Grelot commented Jan 18, 2021

snakemake 5.31.1

I ran my workflow with success a first time

snakemake --configfile config/config_test_rapidrun.yaml -s Snakefile --cores 8 --use-conda

and then I ran again my workflow to generate unit test scripts using --generate-unit-tests

 snakemake --configfile config/config_test_rapidrun.yaml -s Snakefile  --cores 8 --use-conda --generate-unit-tests

I ran pytest3

python3 -m pytest .tests/unit/

Then all the tests failed.
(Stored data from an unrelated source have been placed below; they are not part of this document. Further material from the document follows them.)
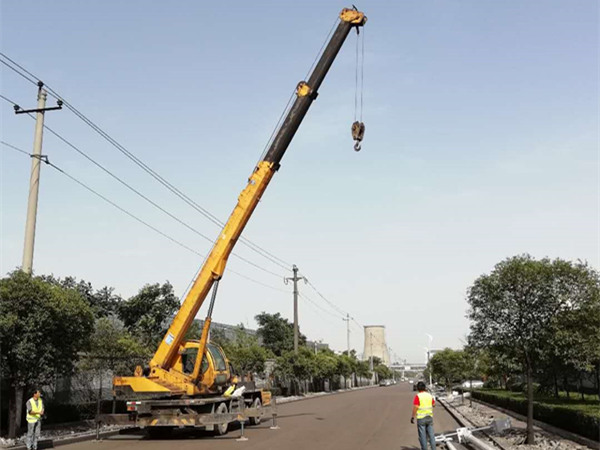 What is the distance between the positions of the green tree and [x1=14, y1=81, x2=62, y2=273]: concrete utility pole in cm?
57

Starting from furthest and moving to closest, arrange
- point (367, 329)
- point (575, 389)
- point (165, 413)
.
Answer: point (367, 329)
point (575, 389)
point (165, 413)

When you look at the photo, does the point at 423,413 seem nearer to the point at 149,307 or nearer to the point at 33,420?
the point at 33,420

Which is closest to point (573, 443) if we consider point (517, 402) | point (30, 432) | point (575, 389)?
point (517, 402)

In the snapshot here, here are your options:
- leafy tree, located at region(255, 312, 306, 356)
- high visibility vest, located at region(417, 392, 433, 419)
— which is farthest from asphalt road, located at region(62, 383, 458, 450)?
leafy tree, located at region(255, 312, 306, 356)

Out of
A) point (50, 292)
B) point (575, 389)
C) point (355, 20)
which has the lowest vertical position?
point (575, 389)

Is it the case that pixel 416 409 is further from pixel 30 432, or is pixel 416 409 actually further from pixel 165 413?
pixel 30 432

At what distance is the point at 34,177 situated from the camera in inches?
661

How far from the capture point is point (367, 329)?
14188cm

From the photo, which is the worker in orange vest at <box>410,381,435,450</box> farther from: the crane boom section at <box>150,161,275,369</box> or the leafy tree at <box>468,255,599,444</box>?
the crane boom section at <box>150,161,275,369</box>

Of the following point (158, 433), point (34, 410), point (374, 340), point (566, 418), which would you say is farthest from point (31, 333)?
point (374, 340)

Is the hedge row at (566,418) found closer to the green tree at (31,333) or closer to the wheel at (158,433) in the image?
the wheel at (158,433)

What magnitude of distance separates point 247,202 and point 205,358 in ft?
17.2

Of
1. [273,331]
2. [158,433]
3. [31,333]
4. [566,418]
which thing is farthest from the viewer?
[273,331]

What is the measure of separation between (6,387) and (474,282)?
45.8 ft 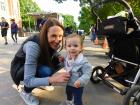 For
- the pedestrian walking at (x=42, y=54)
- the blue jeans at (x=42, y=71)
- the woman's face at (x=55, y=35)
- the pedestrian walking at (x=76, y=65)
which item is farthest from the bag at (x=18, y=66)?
the pedestrian walking at (x=76, y=65)

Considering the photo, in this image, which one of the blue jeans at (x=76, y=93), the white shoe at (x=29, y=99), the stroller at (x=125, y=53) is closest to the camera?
the blue jeans at (x=76, y=93)

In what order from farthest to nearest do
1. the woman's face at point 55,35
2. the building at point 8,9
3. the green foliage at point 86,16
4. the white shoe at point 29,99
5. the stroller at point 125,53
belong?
the building at point 8,9 < the green foliage at point 86,16 < the white shoe at point 29,99 < the stroller at point 125,53 < the woman's face at point 55,35

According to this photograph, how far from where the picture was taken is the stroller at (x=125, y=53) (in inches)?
159

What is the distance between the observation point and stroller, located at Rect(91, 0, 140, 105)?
4050mm

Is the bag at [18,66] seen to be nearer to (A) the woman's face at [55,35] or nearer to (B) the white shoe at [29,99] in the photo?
(B) the white shoe at [29,99]


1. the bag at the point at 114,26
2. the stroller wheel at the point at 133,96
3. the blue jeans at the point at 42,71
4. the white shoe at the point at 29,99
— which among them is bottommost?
the white shoe at the point at 29,99

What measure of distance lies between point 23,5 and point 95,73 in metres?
70.0

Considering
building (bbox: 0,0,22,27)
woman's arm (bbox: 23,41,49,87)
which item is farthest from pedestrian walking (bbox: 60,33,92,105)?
building (bbox: 0,0,22,27)

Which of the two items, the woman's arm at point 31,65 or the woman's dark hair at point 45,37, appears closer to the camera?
the woman's arm at point 31,65

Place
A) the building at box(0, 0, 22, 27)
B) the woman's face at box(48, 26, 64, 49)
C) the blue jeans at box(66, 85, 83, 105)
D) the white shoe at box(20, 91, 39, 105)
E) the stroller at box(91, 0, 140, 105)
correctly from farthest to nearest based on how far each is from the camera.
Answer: the building at box(0, 0, 22, 27) → the white shoe at box(20, 91, 39, 105) → the stroller at box(91, 0, 140, 105) → the blue jeans at box(66, 85, 83, 105) → the woman's face at box(48, 26, 64, 49)

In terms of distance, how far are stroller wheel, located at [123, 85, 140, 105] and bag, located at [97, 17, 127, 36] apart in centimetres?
82

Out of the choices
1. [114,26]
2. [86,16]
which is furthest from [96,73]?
[86,16]

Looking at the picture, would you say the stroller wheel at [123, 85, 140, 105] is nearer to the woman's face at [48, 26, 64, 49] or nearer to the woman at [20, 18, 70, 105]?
the woman at [20, 18, 70, 105]

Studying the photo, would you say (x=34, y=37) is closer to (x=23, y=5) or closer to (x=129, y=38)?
(x=129, y=38) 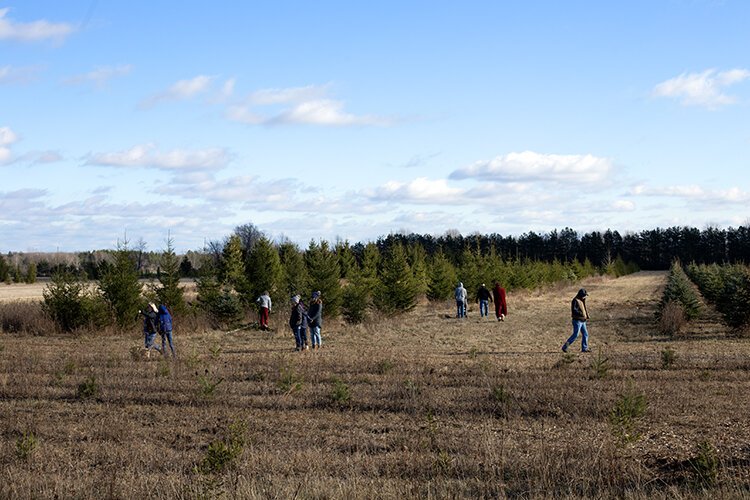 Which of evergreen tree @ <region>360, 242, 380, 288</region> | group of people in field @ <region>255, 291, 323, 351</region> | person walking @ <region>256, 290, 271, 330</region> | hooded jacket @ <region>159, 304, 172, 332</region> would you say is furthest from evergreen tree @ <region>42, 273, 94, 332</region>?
evergreen tree @ <region>360, 242, 380, 288</region>

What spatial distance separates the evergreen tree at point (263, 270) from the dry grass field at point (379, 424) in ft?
40.2

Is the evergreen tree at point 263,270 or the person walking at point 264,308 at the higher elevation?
the evergreen tree at point 263,270

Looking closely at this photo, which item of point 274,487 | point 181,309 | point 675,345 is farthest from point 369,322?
point 274,487

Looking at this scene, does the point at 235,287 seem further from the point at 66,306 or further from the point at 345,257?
the point at 345,257

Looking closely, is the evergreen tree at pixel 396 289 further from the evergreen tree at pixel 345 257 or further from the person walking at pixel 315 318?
the person walking at pixel 315 318

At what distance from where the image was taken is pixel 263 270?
109 feet

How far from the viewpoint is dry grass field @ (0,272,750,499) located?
23.5 ft

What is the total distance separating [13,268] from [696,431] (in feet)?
318

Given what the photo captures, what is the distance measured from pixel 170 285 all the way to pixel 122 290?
1773 millimetres

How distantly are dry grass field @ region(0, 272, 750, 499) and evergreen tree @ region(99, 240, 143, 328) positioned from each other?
7655mm

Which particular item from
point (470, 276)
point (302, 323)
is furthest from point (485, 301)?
point (302, 323)

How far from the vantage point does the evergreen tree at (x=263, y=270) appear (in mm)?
32906

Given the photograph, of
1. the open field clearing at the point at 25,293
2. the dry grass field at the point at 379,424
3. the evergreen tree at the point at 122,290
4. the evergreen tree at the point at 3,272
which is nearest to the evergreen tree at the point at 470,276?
the open field clearing at the point at 25,293

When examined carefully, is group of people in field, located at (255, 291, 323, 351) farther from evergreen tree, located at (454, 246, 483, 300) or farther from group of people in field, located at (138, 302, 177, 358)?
evergreen tree, located at (454, 246, 483, 300)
It appears that the path of the configfile is not quoted inside the scripts:

Instance of error:

========================================================================== ERRORS ==========================================================================
____________________________________________________ ERROR collecting .tests/unit/test_trim_primers.py _____________________________________________________
../../../miniconda3/envs/snakemake_rapidrun/lib/python3.9/site-packages/_pytest/python.py:578: in _importtestmodule
    mod = import_path(self.fspath, mode=importmode)
../../../miniconda3/envs/snakemake_rapidrun/lib/python3.9/site-packages/_pytest/pathlib.py:531: in import_path
    importlib.import_module(module_name)
../../../miniconda3/envs/snakemake_rapidrun/lib/python3.9/importlib/__init__.py:127: in import_module
    return _bootstrap._gcd_import(name[level:], package, level)
<frozen importlib._bootstrap>:1030: in _gcd_import
    ???
<frozen importlib._bootstrap>:1007: in _find_and_load
    ???
<frozen importlib._bootstrap>:986: in _find_and_load_unlocked
    ???
<frozen importlib._bootstrap>:680: in _load_unlocked
    ???
../../../miniconda3/envs/snakemake_rapidrun/lib/python3.9/site-packages/_pytest/assertion/rewrite.py:161: in exec_module
    source_stat, co = _rewrite_test(fn, self.config)
../../../miniconda3/envs/snakemake_rapidrun/lib/python3.9/site-packages/_pytest/assertion/rewrite.py:354: in _rewrite_test
    tree = ast.parse(source, filename=fn_)
../../../miniconda3/envs/snakemake_rapidrun/lib/python3.9/ast.py:50: in parse
    return compile(source, filename, mode, flags,
E     File "/home/pguerin/working/edna/snakemake_rapidrun_swarm/.tests/unit/test_trim_primers.py", line 37
E       /home/pguerin/working/edna/snakemake_rapidrun_swarm/config/config_test_rapidrun.yaml
E       ^
E   SyntaxError: invalid syntax

And the faulty code:

        # Run the test job.
        sp.check_output([
            "python",
            "-m",
            "snakemake",
            "results/04_trim_primers/projet1/chond/sample2.fastq",
            "-F",
            "-j1",
            "--keep-target-files",
            "--configfile",
            /home/pguerin/working/edna/snakemake_rapidrun_swarm/config/config_test_rapidrun.yaml

            "--use-conda",
            "--directory",
            workdir,
        ])
@Grelot Grelot added the bug Something isn't working label Jan 18, 2021
@sroener
Copy link

sroener commented Feb 4, 2021

I have the same issue when defining a configfile with --configfile.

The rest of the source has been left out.